Stop re-reading. Start querying.

AI coding tools re-read your entire codebase on every task. ckg fixes that. One server indexes every repo in your org with Tree-sitter across 26 languages, stores the structural map as a Neo4j property graph, keeps it fresh via incremental ingest + webhooks, and serves precise context to your AI assistant via MCP so it reads only what matters.

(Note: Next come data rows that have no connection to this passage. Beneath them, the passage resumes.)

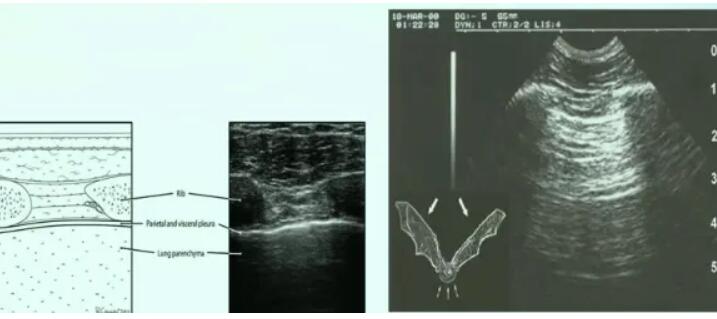 重症超声教学视频教程理论实操培训班讲解课程心脏肺部肾脏B超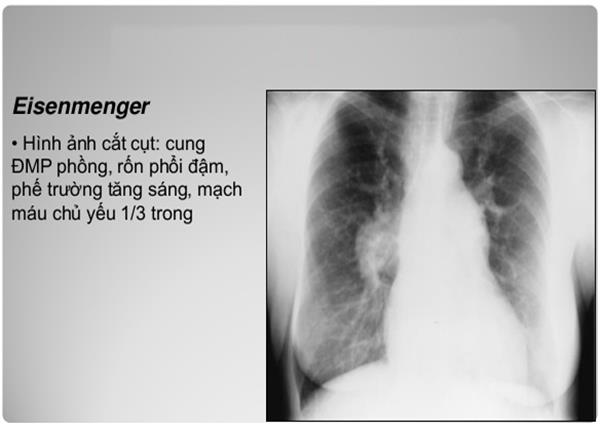 Cùng bác sĩ Trường Dược Sài Gòn tìm hiểu hội chứng Eisenmenger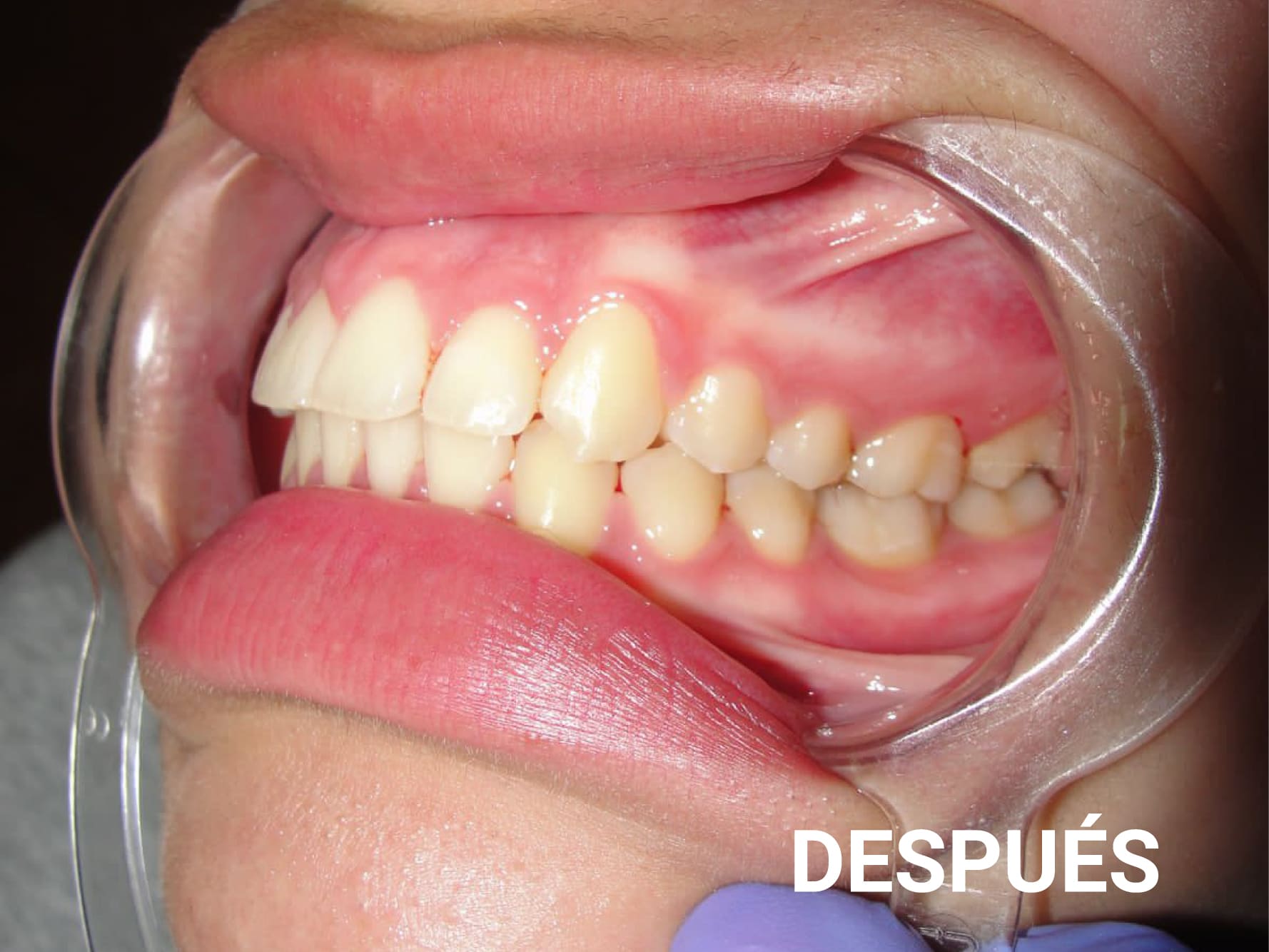 antes y despues ortodoncia-05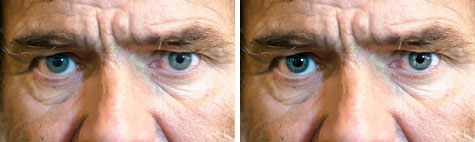 Vorher-Nachher-Beispiel für mit Scharfzeichner behandelte Augen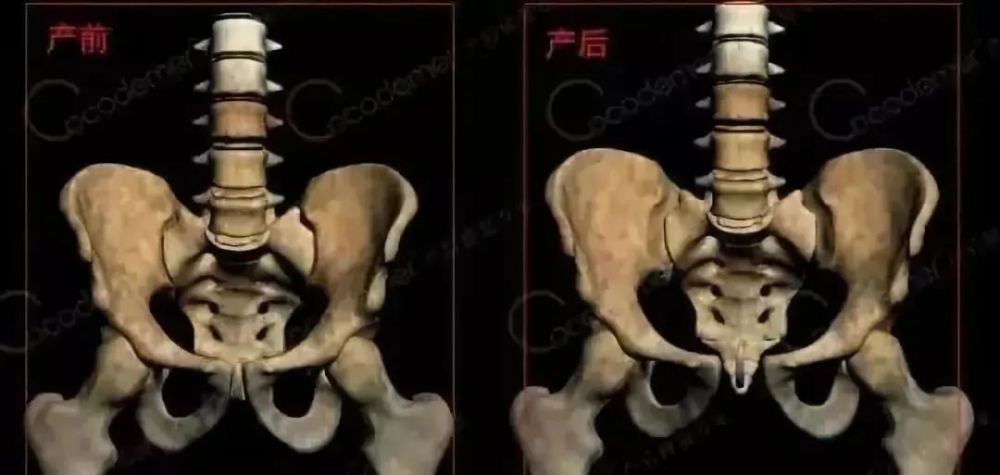 生产前后骨盆的变化 怀孕4周后,身体开始分泌可以使韧带松弛的荷尔蒙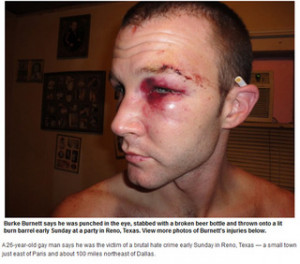 Three Men Charged with Hate Crimes in Vicious Texas Gay Bashing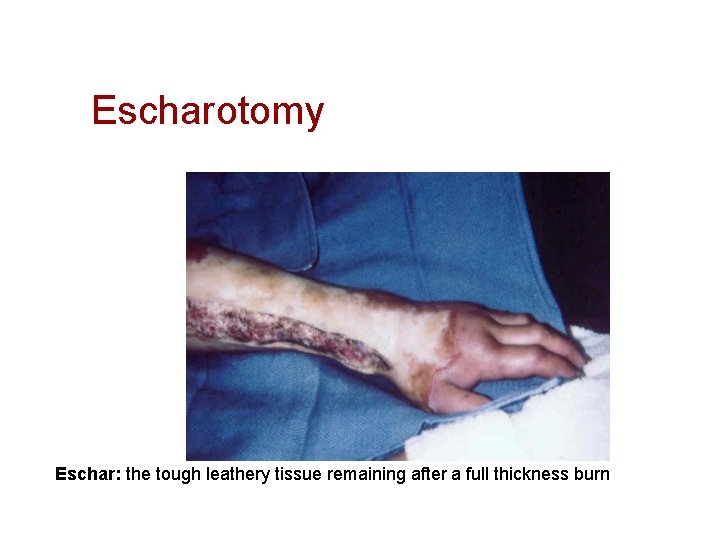 Escharotomy Eschar: the tough leathery tissue remaining after a full thickness burn 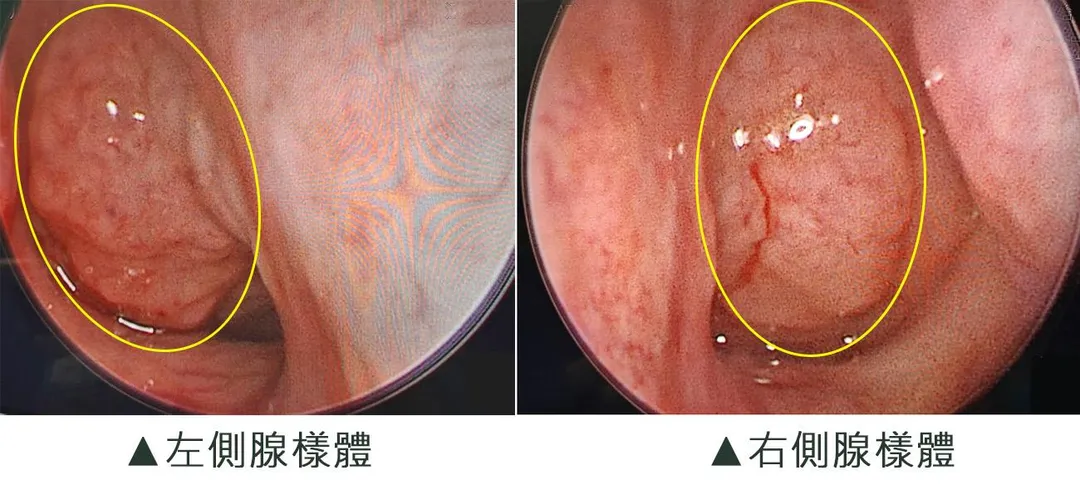 小兒呼吸中止症腺樣體肥大情形。(圖/澄清醫院)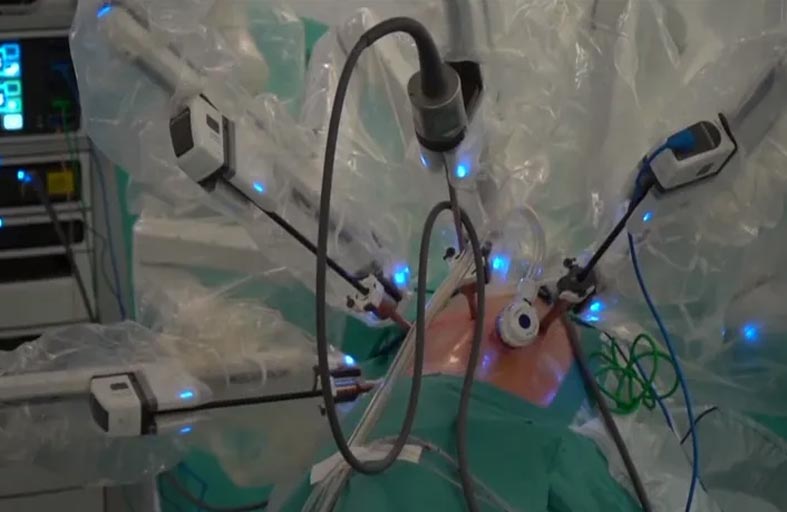 أطباء ينجحون بزراعة رئة بتقنية رائدة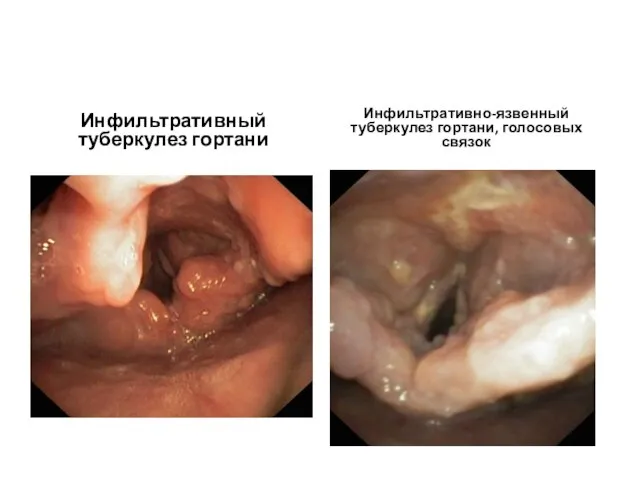 Инфильтративный туберкулез гортани Инфильтративно-язвенный туберкулез гортани, голосовых связок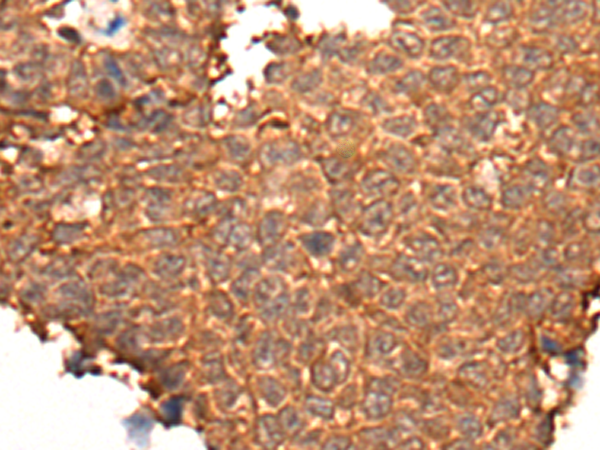 Immunohistochemistry of paraffin-embedded Human ovarian cancer tissue  using HOXD8 Polyclonal Antibody at dilution of 1:40(×200)
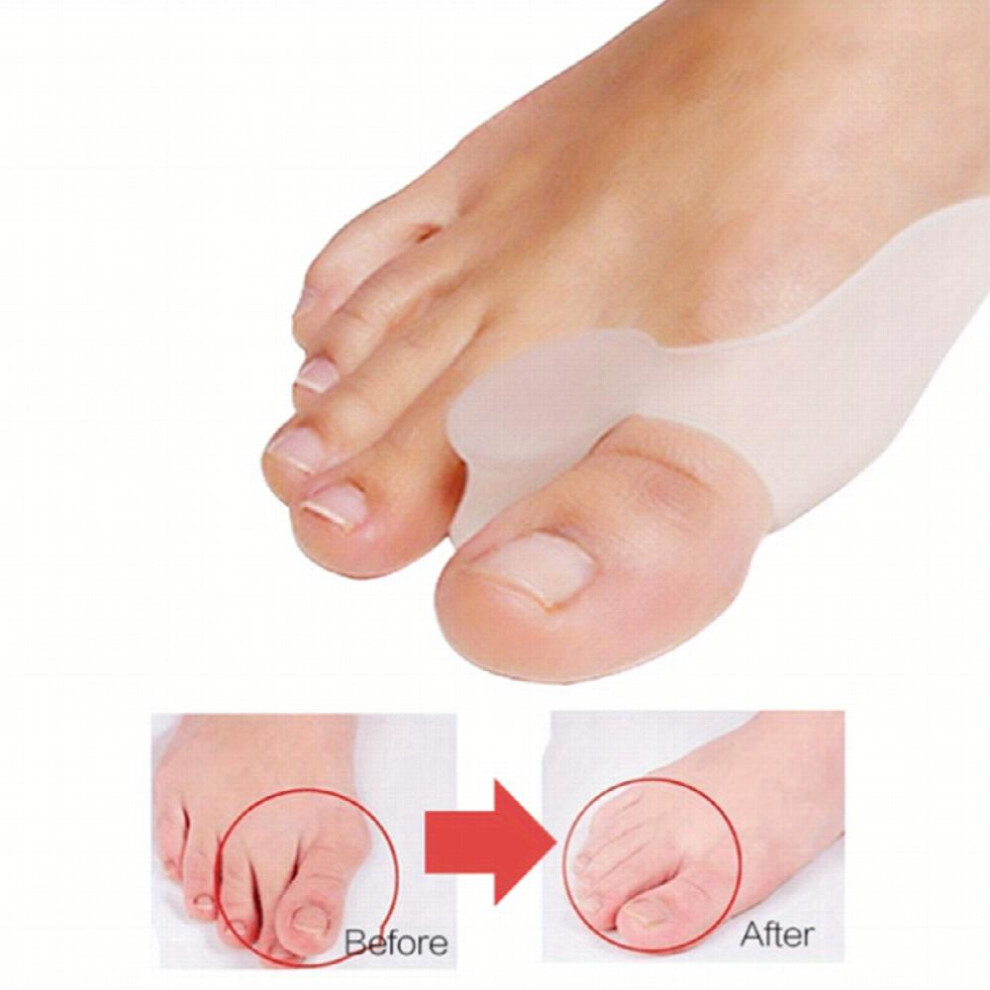 2pcs Toe Separators For Overlapping Toes Women Bunion Corrector Toe Spacers Bunion Relief Big Toe Cushion Pads Big Toe Spreader Orthopedic Bunion Brac
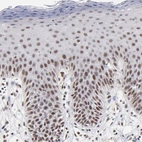 Immunohistochemical staining of human skin shows strong nuclear positivity in squamous epithelial cells.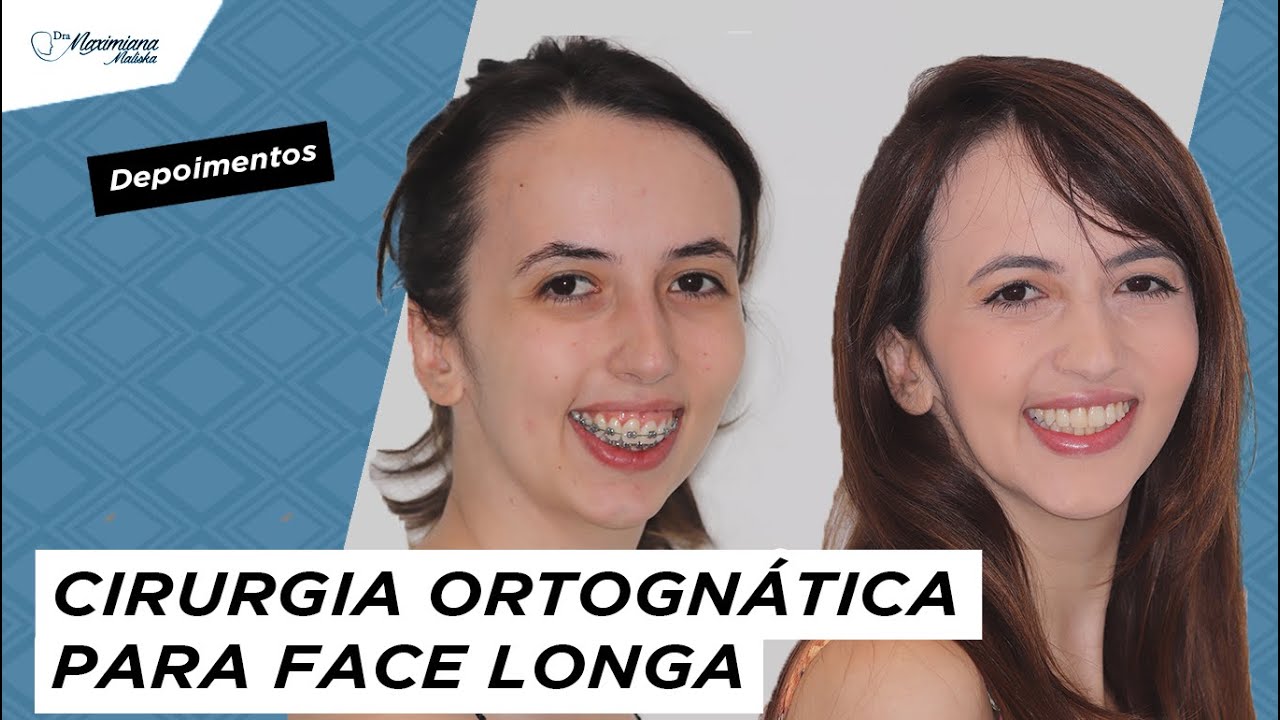 DEPOIMENTO CIRURGIA ORTOGNÁTICA | Face longa e Classe II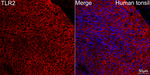 TLR2 Antibody in Immunohistochemistry (Paraffin) (IHC (P))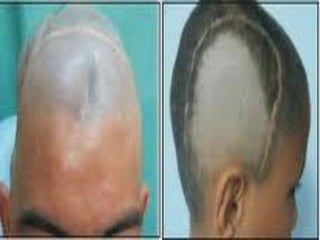 ABORDAJE DE CRANEOTOMIA.pdf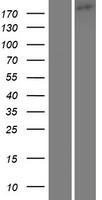 TRPM1 Protein - Western validation with an anti-DDK antibody * L: Control HEK293 lysate R: Over-expression lysate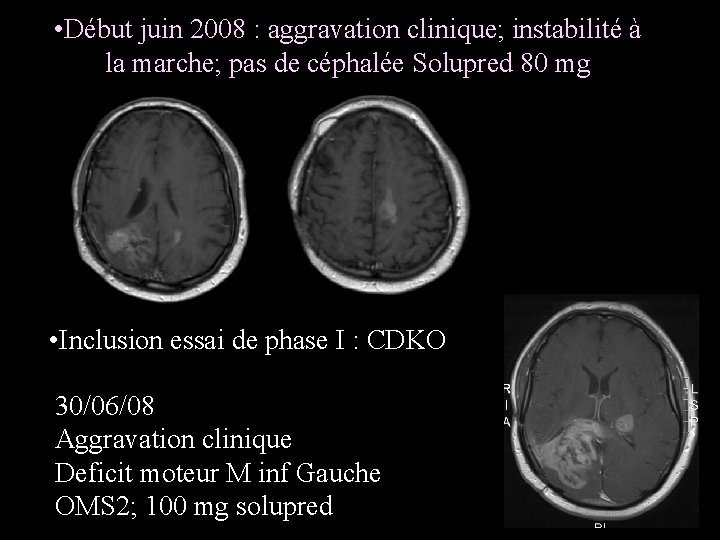  • Début juin 2008 : aggravation clinique; instabilité à la marche; pas de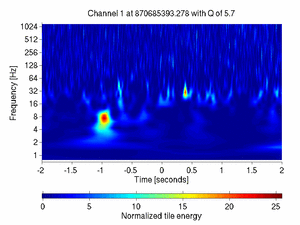 870685393.27807617_V1:Ca_BS_RM_CoilUL_4.00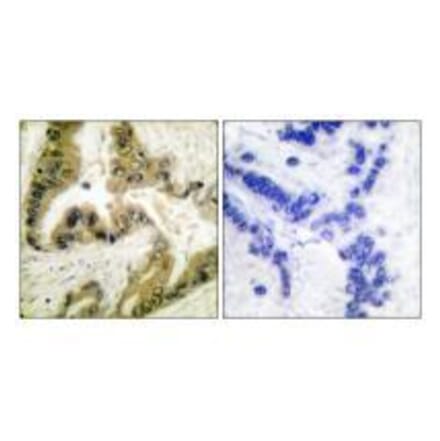 Immunohistochemistry - HDAC10 Antibody from Signalway Antibody (33399) - Antibodies.com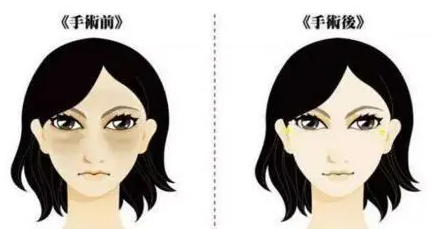 去眼袋手术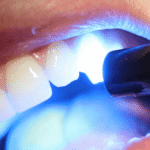 Dental Filling, Polishing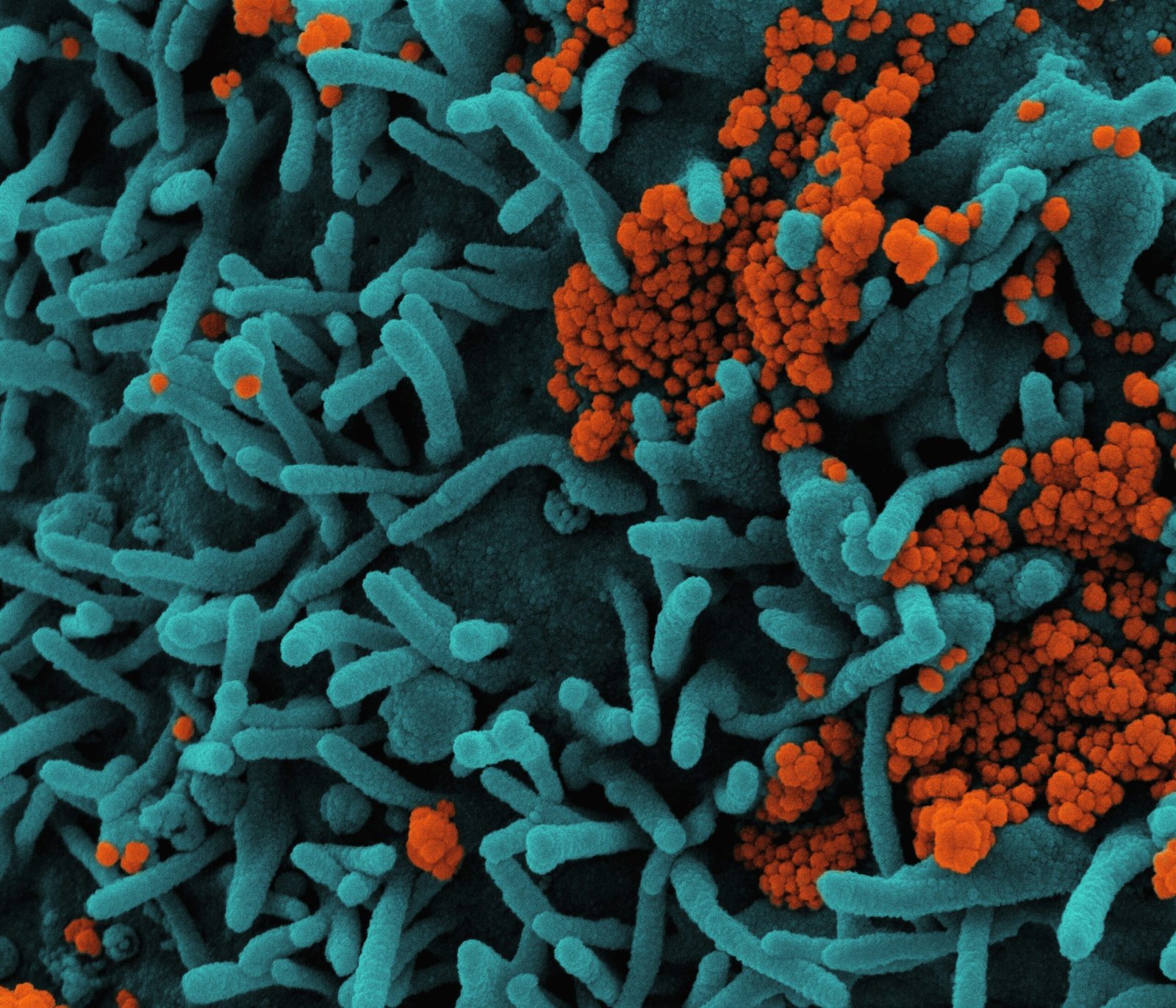 national-institute-of-allergy-and-infectious-diseases-nC6ZdM-WeCY-unsplash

PyPI CI License: MIT Python Docker Compose Neo4j MCP Languages Tree-sitter

One server that:

  • ingests many repositories (not just one) and keeps them incrementally fresh
  • stores them as a Neo4j property graph (File, Class, Function, Module + CONTAINS, DEFINES, HAS_METHOD, CALLS, IMPORTS)
  • exposes REST, GraphQL, MCP/JSON-RPC, and a ckg CLI
  • supports structural queries (callers, callees, imports, blast radius, downstream dependencies), full-text search, and semantic vector search
  • generates an architecture map with coupling warnings (cyclic deps, god modules, SDP violations) every ingest
  • secures every endpoint with scoped API tokens (argon2id-hashed)
  • runs as a single docker compose up

Why

Need How this server delivers
Rock-solid, won't fall over Stateless API + workers; Neo4j/Postgres/Redis run with healthchecks + restart: unless-stopped; horizontal scale via --scale worker=N
Fast relationship search for AI agents Native graph DB (Cypher) + Lucene FTS + vector index — all in Neo4j
Multi-language Tree-sitter parsers (23): Python, JS/TS (incl. JSX/TSX → React, Angular), Rust, Go, Java, Ruby, C, C++, C#, Kotlin, Scala, Swift, PHP, Solidity, Dart, R, Perl, Lua, Zig, PowerShell, Julia, Nix. Extraction wrappers (3): Vue, Svelte (delegates <script> to JS/TS), Jupyter/Databricks .ipynb (concatenates code cells, dispatches by kernel). Pluggable — one file under ckg/parsers/ adds another language
Precise cross-file edges Opt-in LSP pass (CKG_LSP_ENABLED=true) upgrades CALLS edges with language-server-resolved targets. Pyright today; rust-analyzer / gopls / ts-server / jdtls planned. Graph stays functional with no LSP installed
Fast updates Incremental ingest (--incremental): sha-diffs files against the graph, only re-parses what changed. Full reparse stays available as --full
Context for AI tools Built-in MCP HTTP server → Cursor, VS Code, Claude Code drop in
Two query surfaces REST (/v1/*) for simple calls + GraphQL (/v1/graphql) for composed traversals; both use the same API token
CLI for automation ckg Typer CLI: register, ingest, query, search
Spec-driven Auto-generated OpenAPI at /docs; GraphiQL UI at /v1/graphql; ADRs under docs/adr/
Whole-codebase index One Neo4j graph spans all registered repos
Neo4j-backed Functions, classes, files, imports, calls all stored as labeled nodes + typed relationships
Secure API tokens with scopes (admin, repo:write, repo:read); hashed at rest

Supported languages

Tree-sitter parsers (23): Python · JavaScript (incl. JSX → React) · TypeScript (incl. TSX → Angular) · Rust · Go · Java · Ruby · C · C++ · C# · Kotlin · Scala · Swift · PHP · Solidity · Dart · R · Perl · Lua · Zig · PowerShell · Julia · Nix

Extraction wrappers (3): Vue & Svelte SFCs (delegate <script> to JS/TS) · Jupyter / Databricks .ipynb (concatenate code cells, dispatch by kernel language)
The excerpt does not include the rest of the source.